It was a horrible morning.
My wallet was gone. You decided to be up cage fighting before dawn. Before Dawn.
There were glimmers of hope.
Your father watched you in hopes I slept in against the noise. (But that’s his superhero ability.) I got some emails from some of my favorite people. It turned out I left my wallet at the last store we were at yesterday, but really that would be your fault.
Then I took you out of the house.
I should have known it was a bad idea.
It took my twenty minutes to get shoes and socks and jackets on you. By the way, jackets are not optional when your mom declares you have to wear them. And Tornado S, it’s not funny to keep choosing the other jacket from the one that’s in my hand.
I nearly had to drag you across the parking lot to get to the store with my wallet. Then you danced merrily as I talked to three different people in search for my wallet I was told was there 30 minutes before. At least, they had it. Then I dragged you back across the parking lot. Tornado E begging for lunch at a “restaurant” doesn’t work if you’re being a pain in the butt.
Then I needed to go to the grocery store. Then my brain must have stopped working because I also decided I might as well hit the dollar store before the grocery store because they’re right next to each other.
Which worked out well for the first two minutes.
Then you had to sword fight with the candy-filled plastic candy canes, ask for different ornaments, and innocently suggest we go down the aisle with the picture frames and candles.
I should have known better. The aisle led to the toys. I can only thank God that I can say “We’ll put it on your list” because it makes you leave faster than a no. We were still there too long. And Tornado E, what is it with you and the most disgusting, ugliest toys?

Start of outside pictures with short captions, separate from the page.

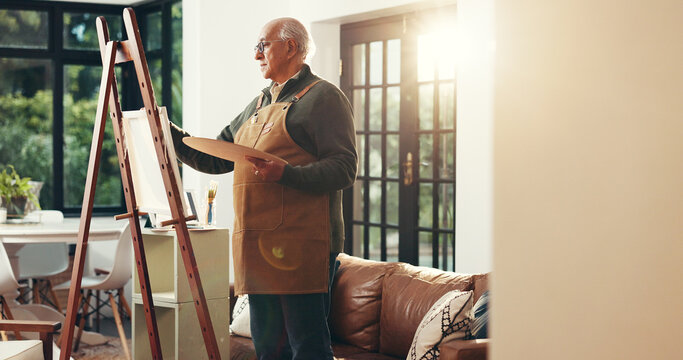 Senior man, painting and canvas for art, drawing process and sketch for artwork. Artist, elderly person and palette with creative design for craft activity, unique piece and retirement hobby in home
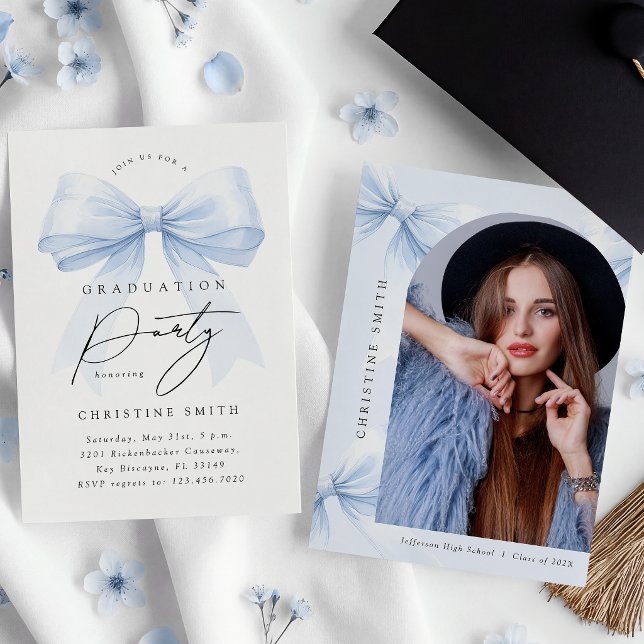 Convite de Foto de Formatura com Laço Azul Elegant (Criador carregado)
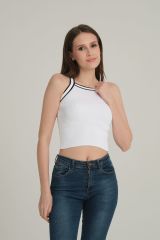 Çizgili Crop Kadın Triko BEYAZ KOL ÇİZGİLİ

At least you both we’re adorable for the cashier as you entertained her with pirate stories.
The grocery store wasn’t so bad at first either. You helped me find apples, cucumbers, and onions. You even liked the broccoli idea.
Then we got to pick out dried fruit. Then Tornado E decided, after we made our decision on the dried plums you both just had to have, that he wanted dried cranberries. Next time, little dude. Then the whining began. For three aisles. Enough for a woman to shoot me a dirty look that I was happily willing to return because it was the third aisle. Like she knew that my kids acted this way all the time. He’s whining, annoying true, but he’s not stealing toys. And Tornado S, running around, not standing in one place, must move at all times. Ah, good times.
The whining settled to a dull roar as I finished the grocery shopping. Could you both not take off at the last five feet before we get to the cookie stand with blinking lights? Because you almost knocked down some old women to get there, trapping me behind a line of carts. I hate that.
Tornado E, the answer is no. Again. No to the sting cheese. No to that cheese. No to the chips. No to the cookies. No to the doughnuts. No to the Christmas decorations. No to the toy car. No. No. No.
Then the dire warning about listening to me, standing still, being good in the checkout lane fell out of your ears as we crossed the aisle to the checkout.
Just as you were about to act out, Tornado E engaged the woman in front in a conversation, who said “Are you listening to your mommy?” You became quiet and intent on the woman. Then Tornado E had a nice conversation with her. Tornado S stayed by me. Tornado E helped me with emptying out the cart. I swear the woman was a saint.
Of course as soon as she left, you tried to follow her. My attention was torn between the cashier and keeping you in the store. As we left, I discovered “the treat” I was trying to brag you with, the cardboard gingerbread house, had been moved. It was gone. The whining started again as I demanded you climb on the cart, keeping your feet up.
At least you snacked as I loaded the car. But if tomorrow is anything like today, I’m packing up, and you’re living with your grandparents.